Kılavuza göre bu unsurların tüm yapay zeka sistemlerinde sürekli olarak bulunması gerekmez. Örneğin, bazı sistemler geliştirme aşamasında öğrenme kabiliyeti gösterebilirken, uygulamaya koyma sonrası bu özelliğe sahip olmayabilir.
Yine burada önemle altını çizmek gerekir, bu kılavuz bağlayıcı bir kılavuz değil. Yapay zeka sistemlerinin tanımlanmasına ilişkin nihai yorum yetkisi Adalet Divanı’na (CJEU) aittir. Bununla birlikte bir sistemin yapay zeka olarak sınıflandırılması, yalnızca genel kurallara dayalı olarak değil, olay bazında yapılan teknik ve işlevsel değerlendirmelerle belirlenmelidir. Dolayısıyla sadece kılavuza dayalı bir uyum süreci yapıldığında, Mahkemede bu kılavuza atıfta bulunmak yeterli bir gerekçe olmayacaktır.
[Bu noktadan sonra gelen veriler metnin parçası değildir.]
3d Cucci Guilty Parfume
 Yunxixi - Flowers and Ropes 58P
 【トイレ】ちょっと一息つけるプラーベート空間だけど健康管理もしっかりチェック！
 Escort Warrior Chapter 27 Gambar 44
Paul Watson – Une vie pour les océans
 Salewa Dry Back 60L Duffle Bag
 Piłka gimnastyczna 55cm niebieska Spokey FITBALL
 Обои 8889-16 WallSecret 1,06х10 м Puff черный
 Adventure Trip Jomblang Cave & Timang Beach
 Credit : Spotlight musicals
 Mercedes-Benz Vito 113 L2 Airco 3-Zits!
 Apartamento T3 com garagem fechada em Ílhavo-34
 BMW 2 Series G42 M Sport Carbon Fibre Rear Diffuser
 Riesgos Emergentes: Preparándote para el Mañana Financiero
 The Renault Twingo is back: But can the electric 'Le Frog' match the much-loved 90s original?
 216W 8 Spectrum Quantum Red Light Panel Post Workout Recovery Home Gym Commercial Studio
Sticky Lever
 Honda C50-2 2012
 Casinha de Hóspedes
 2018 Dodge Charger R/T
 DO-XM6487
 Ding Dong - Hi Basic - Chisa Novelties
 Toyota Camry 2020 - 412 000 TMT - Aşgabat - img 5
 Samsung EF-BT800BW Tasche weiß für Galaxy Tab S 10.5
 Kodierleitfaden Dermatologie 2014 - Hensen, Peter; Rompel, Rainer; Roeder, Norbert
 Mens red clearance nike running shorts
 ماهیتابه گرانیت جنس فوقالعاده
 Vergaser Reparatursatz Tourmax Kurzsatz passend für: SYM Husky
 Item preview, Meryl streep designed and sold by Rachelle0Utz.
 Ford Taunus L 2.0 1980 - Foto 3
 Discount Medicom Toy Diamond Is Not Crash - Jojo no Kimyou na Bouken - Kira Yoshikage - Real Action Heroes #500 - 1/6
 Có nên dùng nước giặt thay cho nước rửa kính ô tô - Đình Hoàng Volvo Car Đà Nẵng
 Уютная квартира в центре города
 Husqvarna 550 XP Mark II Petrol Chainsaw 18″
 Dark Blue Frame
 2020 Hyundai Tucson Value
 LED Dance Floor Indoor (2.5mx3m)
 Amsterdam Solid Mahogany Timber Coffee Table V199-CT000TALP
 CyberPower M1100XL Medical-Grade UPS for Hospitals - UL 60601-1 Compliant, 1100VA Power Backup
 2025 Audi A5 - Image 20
Bu kılavuz, özellikle yapay zeka tüzüğüne tabi olup olmadığını anlamaya çalışan şirketler ve sağlayıcılar için büyük önem taşıyor. Eğer geliştirdiğiniz veya kullandığınız sistemin AI Act kapsamına girip girmediğinden emin değilseniz, olası yaptırımlarla karşılaşmamak için detaylı bir analiz yapmanız gerekecek.
Yasaklanan Yapay Zeka Sistemleri
AI Act Madde 5 kapsamında çeşitli yapay zeka uygulamaları AB genelinde yasaklanmıştır. Bunlardan bazıları:
- Bilinçaltı manipülasyon veya aldatıcı teknikler kullanan sistemler (kullanıcıların kararlarını farkında olmadan etkileyen yapay zeka sistemleri) Bireylerin bilinçli karar alma yetisini önemli ölçüde etkileyen, bilinçaltına hitap eden veya manipülatif teknikler kullanarak kullanıcı davranışlarını yönlendiren yapay zeka sistemleri AB genelinde kullanılamayacaktır. Özellikle karar süreçlerini çarpıtarak bireylere zarar veren sistemler bu kapsamda değerlendirilmektedir. Kişiselleştirilmiş manipülasyonun bir diğer örneği ise, bir bireyin kişisel verilerine dayanarak ileri derece ikna edici mesajlar oluşturan ve uyarlayan veya diğer bireylerin zaaflarını kullanan bir yapay zeka sisteminin, o bireyin davranışlarını veya seçimlerini önemli bir zarar yaratacak noktaya kadar etkilemesidir. Bu durumda özellikle yapay zeka tabanlı kişiselleştirilmiş hizmetler sunanların bu sistemlerin (örn. Chatbot) yasaklı sistemlere girmemesi konusunda dikkat etmesi gerekir.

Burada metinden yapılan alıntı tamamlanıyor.